Unesco : un processus d'inscription en quatre étapes
L'inscription d'un bien sur la liste du Patrimoine mondial de l'Humanité se fait au terme d'un long travail mené par l'Etat signataire de la convention de l'Unesco.
1. Il doit en premier lieu dresser une "liste indicative" des biens qu'il propose pour inscription au cours des cinq à dix années à venir (en France, un dossier est à présenter au préalable, devant le Comité national des biens français du patrimoine mondial, et doit recevoir un avis favorable du ministère de la Culture ou/et de l’Écologie).

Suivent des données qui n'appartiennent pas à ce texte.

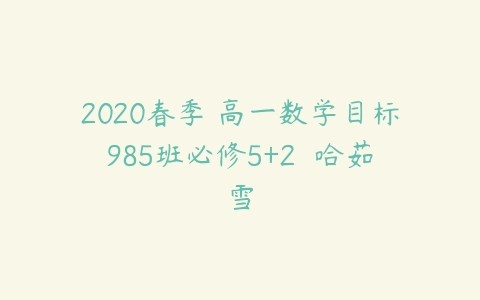 2020春季 高一数学目标985班必修5+2  哈茹雪-51自学联盟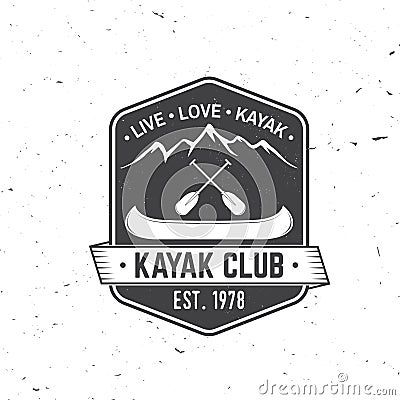 Kayak Club. Live, love, kayak. Vector illustration. Vector Illustration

2. La proposition d’inscription est ensuite soumise au Centre du patrimoine mondial qui vérifie si elle est complète. Si c’est le cas, le Centre l’envoie à l’organisation consultative compétente pour évaluation.
3. Les biens proposés pour inscription sont évalués par deux organisations consultatives indépendantes, désignées par la Convention du patrimoine mondial : le Conseil international des monuments et des sites (Icomos) et l’Union mondiale pour la nature (UICN).
4. Enfin, le Comité intergouvernemental du patrimoine mondial prend la décision finale concernant l'inscription du bien. Il peut aussi différer sa décision et demander aux États parties de plus amples informations sur leurs sites.